**The data**.
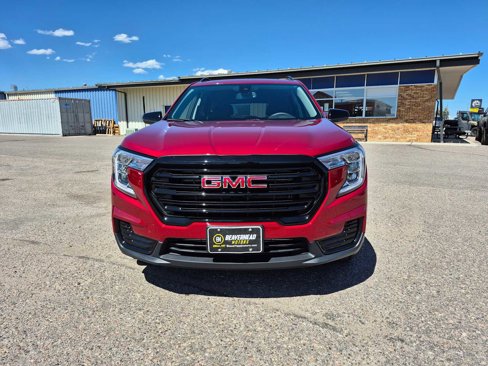 Used 2024 GMC Terrain SLE w/ Driver Convenience Package image 9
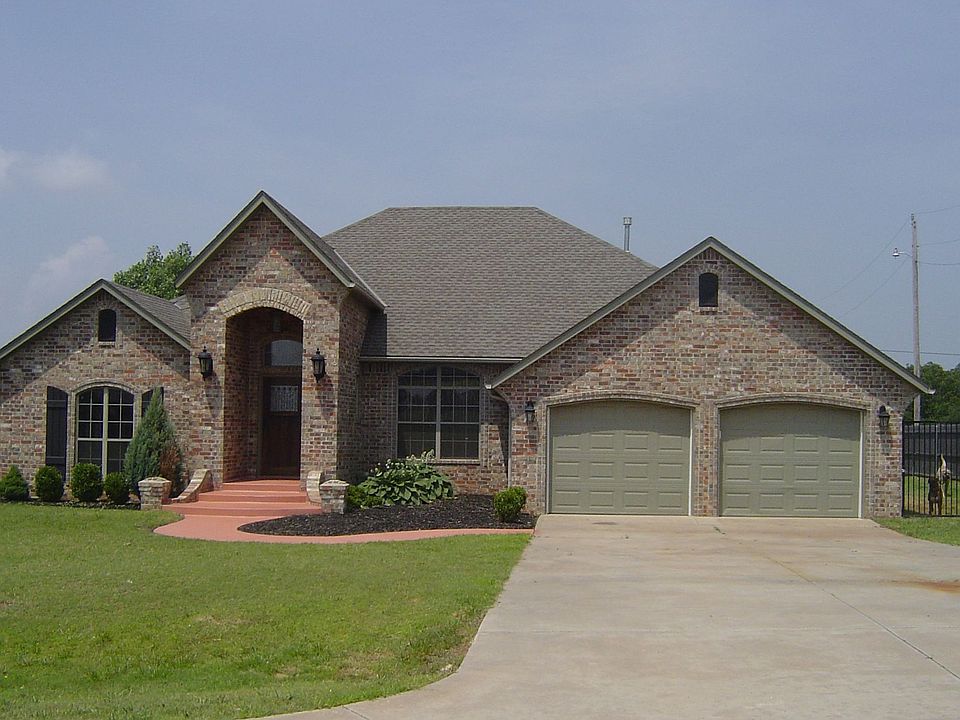 Charming Home on 1 Acre in Guthrie Schools
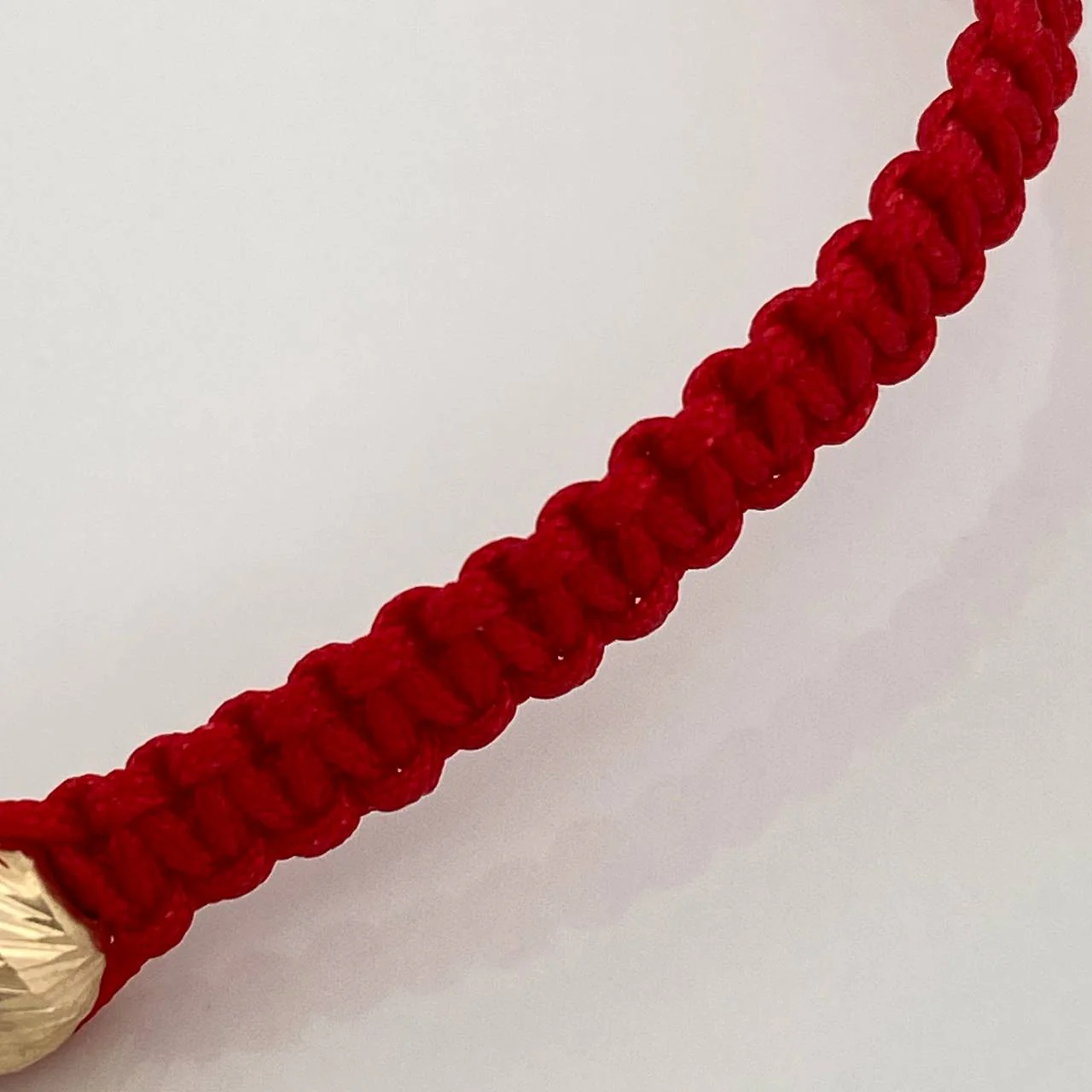 Pulsera Tejida Roja Corona 3.3gr / 6mm Tres Oros 18K - Image 3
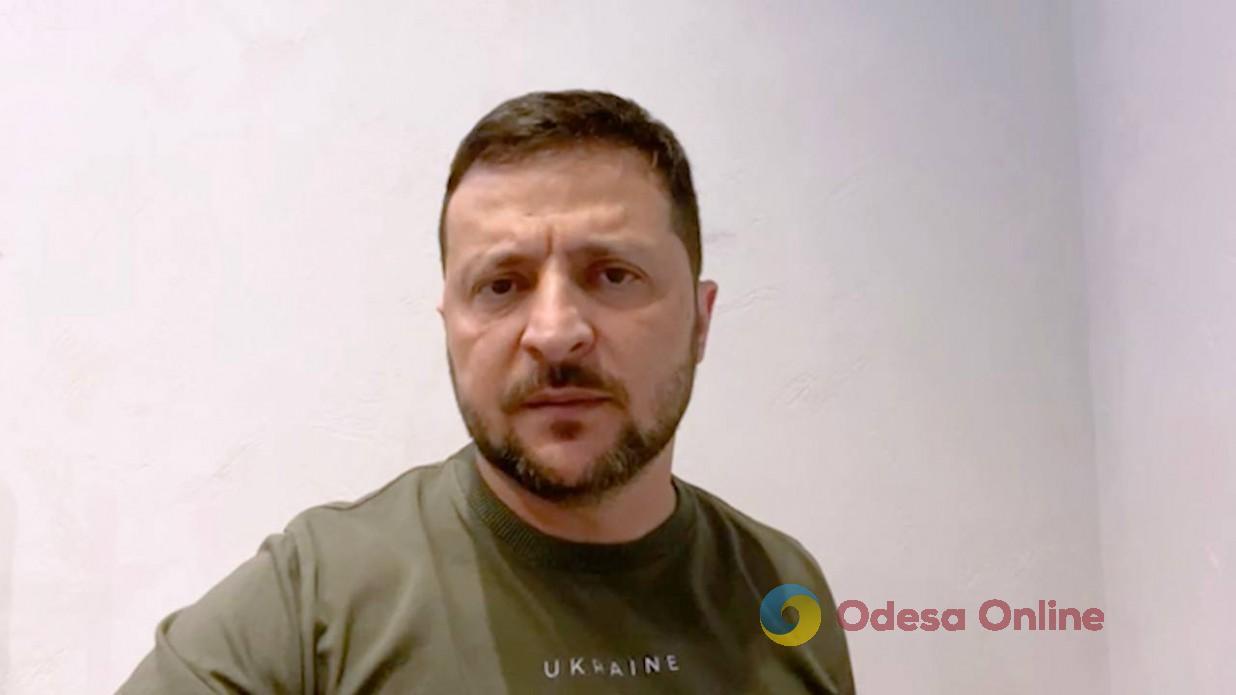 Коли повітряний щит України стане достатньо міцним, ми забезпечимо реальну свободу й захищеність усієї Європи від російського терору, – Зеленський Коли повітряний щит України стане достатньо міцним, ми забезпечимо реальну свободу й захищеність усієї Європи від російського терору, – Зеленський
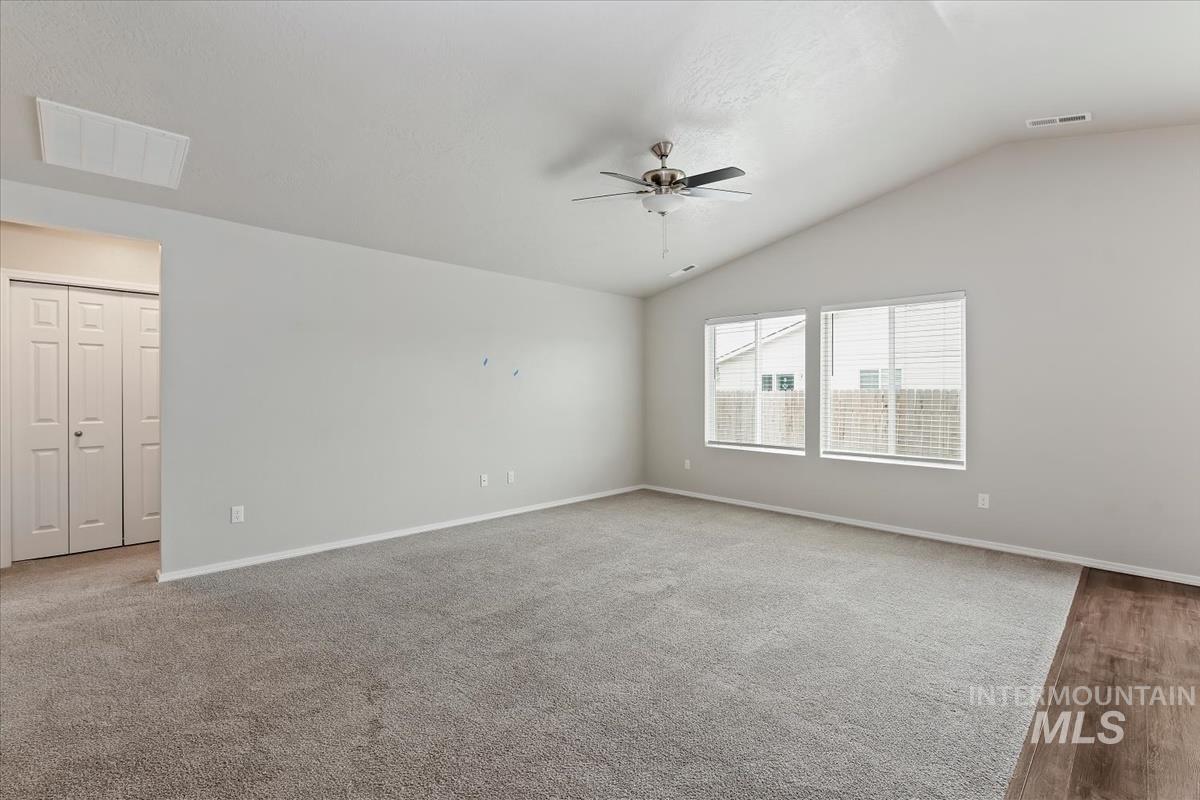 1685 SW Levant Way, Mountain Home, Idaho 83647, 3 Bedrooms, 2 Bathrooms, Residential For Sale, Price $390,000,MLS 98976850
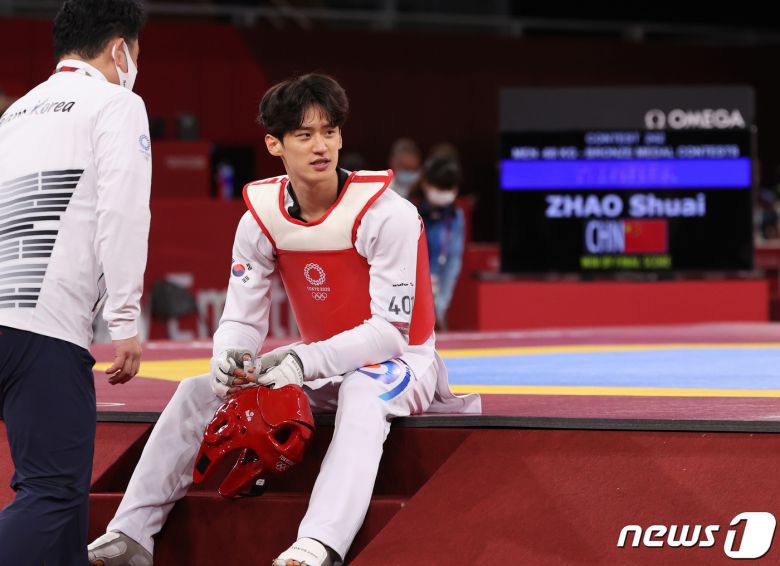 태권도 이대훈이 25일 밤 일본 지바현 마쿠하리 메세A홀에서 열린 태권도 남자 68kg급 동메달 결정전에서 중국의 자오솨이에 패해 아쉬워 하고 있다. 이날 동메달 결정전에서 이대훈은 13-17로 패배했다. 2021.7.25/뉴스1 © News1 송원영 기자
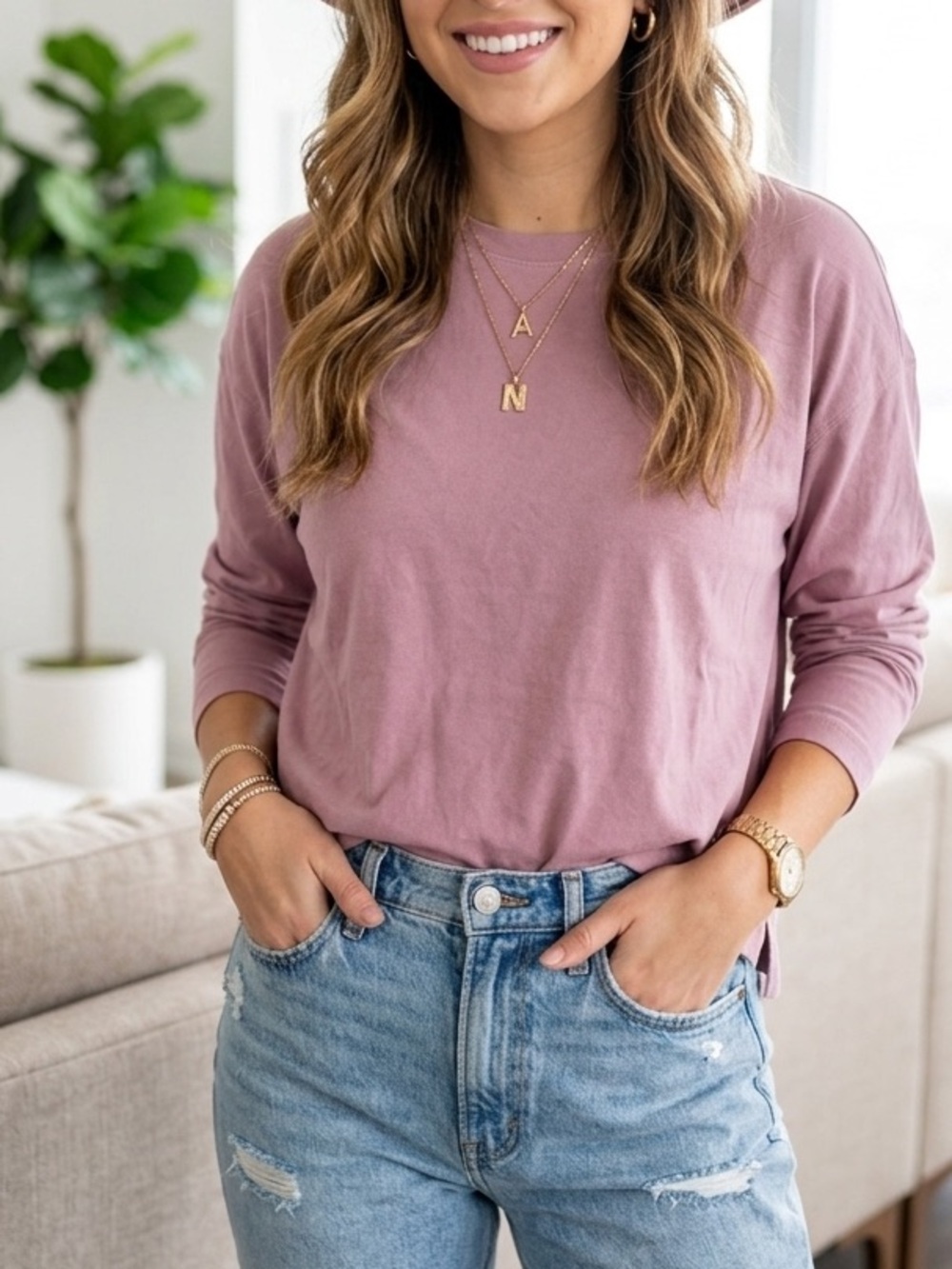 Old Navy long sleeve Vintage Tee features a relaxed fit and a mauve pink color.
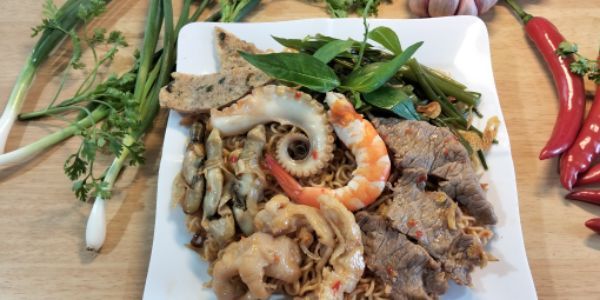 Cúc Kía - Mì Trộn Hải Sản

**Work task**. I'd like the data above duplicated exactly, with no pictures included.

**Reply to the task**.
 Used 2024 GMC Terrain SLE w/ Driver Convenience Package image 9
 Charming Home on 1 Acre in Guthrie Schools
 Pulsera Tejida Roja Corona 3.3gr / 6mm Tres Oros 18K - Image 3
 Коли повітряний щит України стане достатньо міцним, ми забезпечимо реальну свободу й захищеність усієї Європи від російського терору, – Зеленський Коли повітряний щит України стане достатньо міцним, ми забезпечимо реальну свободу й захищеність усієї Європи від російського терору, – Зеленський
 1685 SW Levant Way, Mountain Home, Idaho 83647, 3 Bedrooms, 2 Bathrooms, Residential For Sale, Price $390,000,MLS 98976850
 태권도 이대훈이 25일 밤 일본 지바현 마쿠하리 메세A홀에서 열린 태권도 남자 68kg급 동메달 결정전에서 중국의 자오솨이에 패해 아쉬워 하고 있다. 이날 동메달 결정전에서 이대훈은 13-17로 패배했다. 2021.7.25/뉴스1 © News1 송원영 기자
 Old Navy long sleeve Vintage Tee features a relaxed fit and a mauve pink color.
 Cúc Kía - Mì Trộn Hải Sản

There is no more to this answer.